:: DATA BLOCK ::
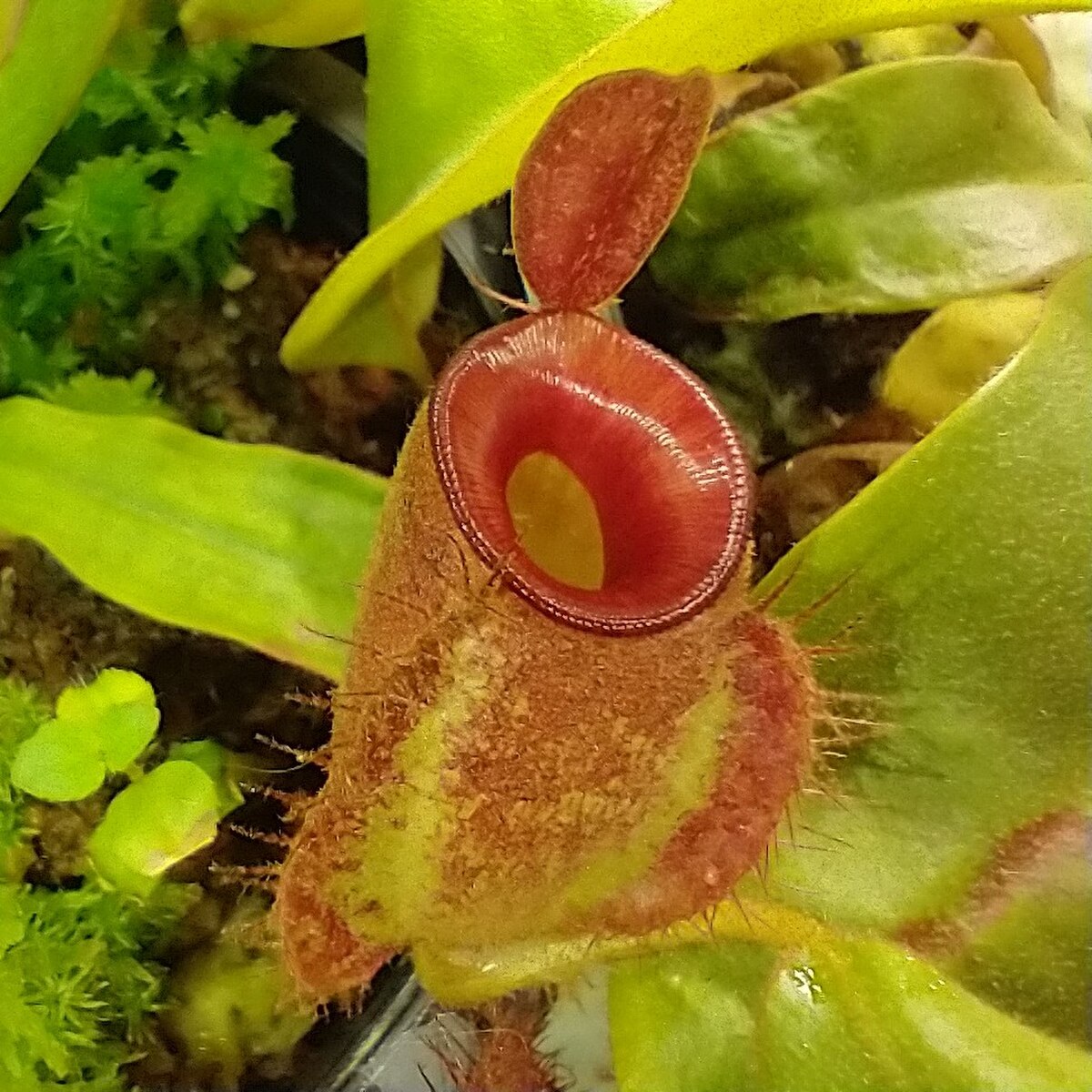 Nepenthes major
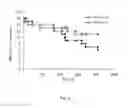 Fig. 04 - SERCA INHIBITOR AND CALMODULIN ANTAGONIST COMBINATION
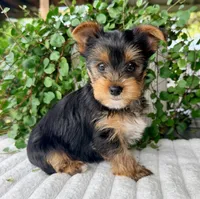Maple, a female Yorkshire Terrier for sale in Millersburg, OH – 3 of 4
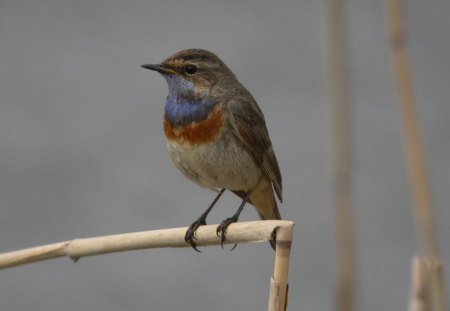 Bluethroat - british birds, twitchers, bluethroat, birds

:: WORK ORDER ::
Once the pictures are set aside, give the rest of the material again unchanged.

:: RESULT FOR THIS TASK ::
 Nepenthes major
 Fig. 04 - SERCA INHIBITOR AND CALMODULIN ANTAGONIST COMBINATION
Maple, a female Yorkshire Terrier for sale in Millersburg, OH – 3 of 4
 Bluethroat - british birds, twitchers, bluethroat, birds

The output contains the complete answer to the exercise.